The first step toward recovery is admitting that you have a problem.

Welcome aboard Tami. 

By the way, do you like dogs?


----------



## Multihullgirl (Dec 2, 2010)

Thank'ee y'all,

and eherlihy, I can think of one DoG I thought rather well of, albeit her skipper was what made the day - unfortunately he didn't get nearly enough credit....


----------



## imagine2frolic (Aug 7, 2008)

You have a PM........*i2f*


----------



## eherlihy (Jan 2, 2007)

Multihullgirl said:


> Thank'ee y'all,
> 
> and eherlihy, I can think of one DoG I thought rather well of, albeit her skipper was what made the day - unfortunately he didn't get nearly enough credit....

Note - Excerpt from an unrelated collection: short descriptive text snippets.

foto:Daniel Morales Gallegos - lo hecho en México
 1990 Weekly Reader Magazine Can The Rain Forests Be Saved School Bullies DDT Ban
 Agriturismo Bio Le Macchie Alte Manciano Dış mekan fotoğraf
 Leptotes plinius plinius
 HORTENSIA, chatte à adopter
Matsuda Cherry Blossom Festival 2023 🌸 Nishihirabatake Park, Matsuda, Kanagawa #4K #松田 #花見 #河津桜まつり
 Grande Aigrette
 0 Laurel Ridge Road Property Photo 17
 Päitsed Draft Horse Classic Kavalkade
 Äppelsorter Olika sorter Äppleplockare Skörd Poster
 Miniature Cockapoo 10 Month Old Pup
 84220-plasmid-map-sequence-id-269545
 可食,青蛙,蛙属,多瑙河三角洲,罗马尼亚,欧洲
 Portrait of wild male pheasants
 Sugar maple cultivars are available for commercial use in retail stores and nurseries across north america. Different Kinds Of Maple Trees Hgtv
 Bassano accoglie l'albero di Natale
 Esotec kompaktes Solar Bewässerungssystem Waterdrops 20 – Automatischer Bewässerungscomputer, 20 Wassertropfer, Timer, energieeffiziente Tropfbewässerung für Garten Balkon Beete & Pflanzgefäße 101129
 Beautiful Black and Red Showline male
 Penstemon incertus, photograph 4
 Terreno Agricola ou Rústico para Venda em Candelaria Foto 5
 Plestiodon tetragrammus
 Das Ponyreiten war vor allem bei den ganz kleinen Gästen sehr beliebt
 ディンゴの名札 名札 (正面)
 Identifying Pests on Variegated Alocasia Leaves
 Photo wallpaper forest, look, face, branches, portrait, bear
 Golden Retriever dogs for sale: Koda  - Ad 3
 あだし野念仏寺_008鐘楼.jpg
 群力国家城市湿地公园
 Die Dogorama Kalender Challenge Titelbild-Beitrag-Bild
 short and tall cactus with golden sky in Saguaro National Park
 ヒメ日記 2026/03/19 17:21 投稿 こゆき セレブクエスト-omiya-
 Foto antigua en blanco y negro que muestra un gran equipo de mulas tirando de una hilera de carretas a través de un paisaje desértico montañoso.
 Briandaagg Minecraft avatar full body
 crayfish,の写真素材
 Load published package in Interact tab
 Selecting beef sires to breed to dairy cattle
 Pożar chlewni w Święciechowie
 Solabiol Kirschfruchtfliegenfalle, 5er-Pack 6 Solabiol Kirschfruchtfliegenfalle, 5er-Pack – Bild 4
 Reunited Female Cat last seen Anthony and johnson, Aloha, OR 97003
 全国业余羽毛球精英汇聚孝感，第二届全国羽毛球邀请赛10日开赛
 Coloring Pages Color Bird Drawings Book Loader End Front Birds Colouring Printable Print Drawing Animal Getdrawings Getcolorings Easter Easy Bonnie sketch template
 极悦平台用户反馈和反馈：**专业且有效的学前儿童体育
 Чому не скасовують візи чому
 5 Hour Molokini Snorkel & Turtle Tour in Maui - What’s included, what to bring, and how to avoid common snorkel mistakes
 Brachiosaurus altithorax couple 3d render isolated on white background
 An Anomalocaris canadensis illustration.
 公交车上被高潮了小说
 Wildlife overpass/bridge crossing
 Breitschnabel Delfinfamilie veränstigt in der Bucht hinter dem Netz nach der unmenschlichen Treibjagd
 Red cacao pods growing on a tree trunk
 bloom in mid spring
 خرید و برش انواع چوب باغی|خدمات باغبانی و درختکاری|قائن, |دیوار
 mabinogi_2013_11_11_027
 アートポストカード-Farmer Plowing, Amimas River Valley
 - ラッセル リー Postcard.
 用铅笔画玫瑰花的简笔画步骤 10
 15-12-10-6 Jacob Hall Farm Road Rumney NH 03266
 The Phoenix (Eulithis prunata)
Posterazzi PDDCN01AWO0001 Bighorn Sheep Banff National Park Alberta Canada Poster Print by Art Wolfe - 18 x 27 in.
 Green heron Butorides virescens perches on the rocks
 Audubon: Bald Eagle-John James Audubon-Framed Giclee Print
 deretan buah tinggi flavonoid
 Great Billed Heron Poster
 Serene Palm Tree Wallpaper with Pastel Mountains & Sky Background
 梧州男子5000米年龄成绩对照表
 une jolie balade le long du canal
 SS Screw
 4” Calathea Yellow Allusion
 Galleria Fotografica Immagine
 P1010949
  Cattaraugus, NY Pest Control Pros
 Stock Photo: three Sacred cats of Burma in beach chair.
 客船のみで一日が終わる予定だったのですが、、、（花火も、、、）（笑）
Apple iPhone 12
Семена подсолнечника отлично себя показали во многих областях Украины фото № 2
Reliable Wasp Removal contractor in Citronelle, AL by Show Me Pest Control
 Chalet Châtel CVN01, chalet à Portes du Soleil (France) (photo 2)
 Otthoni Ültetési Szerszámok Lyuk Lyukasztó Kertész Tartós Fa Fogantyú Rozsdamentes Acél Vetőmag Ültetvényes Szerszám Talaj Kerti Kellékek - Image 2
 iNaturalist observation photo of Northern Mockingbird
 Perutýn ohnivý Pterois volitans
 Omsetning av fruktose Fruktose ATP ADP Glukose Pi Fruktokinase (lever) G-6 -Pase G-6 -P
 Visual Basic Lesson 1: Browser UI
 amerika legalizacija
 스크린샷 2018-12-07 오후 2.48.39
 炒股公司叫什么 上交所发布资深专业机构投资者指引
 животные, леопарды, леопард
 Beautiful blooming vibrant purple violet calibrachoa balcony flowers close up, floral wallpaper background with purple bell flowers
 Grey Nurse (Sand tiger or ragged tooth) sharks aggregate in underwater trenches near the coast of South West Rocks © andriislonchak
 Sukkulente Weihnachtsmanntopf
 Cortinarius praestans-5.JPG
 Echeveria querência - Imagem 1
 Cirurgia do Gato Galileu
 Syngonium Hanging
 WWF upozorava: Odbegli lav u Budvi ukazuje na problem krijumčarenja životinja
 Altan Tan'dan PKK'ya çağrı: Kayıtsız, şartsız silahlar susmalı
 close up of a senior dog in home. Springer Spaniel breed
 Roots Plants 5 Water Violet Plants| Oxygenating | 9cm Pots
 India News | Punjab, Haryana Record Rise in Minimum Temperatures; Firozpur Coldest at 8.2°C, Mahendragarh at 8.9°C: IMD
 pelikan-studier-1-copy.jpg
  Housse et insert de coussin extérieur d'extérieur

I ask because there's a dog somewhere around here with three hulls...


----------



## smackdaddy (Aug 13, 2008)

eherlihy said:


> I ask because there's a dog somewhere around here with three hulls...


Four if you count his head...


----------



## Multihullgirl (Dec 2, 2010)

I think I take your meaning which is why I spelt it DoG, n'est-ce pas? Or am I totally missing some sort of inside joke?


----------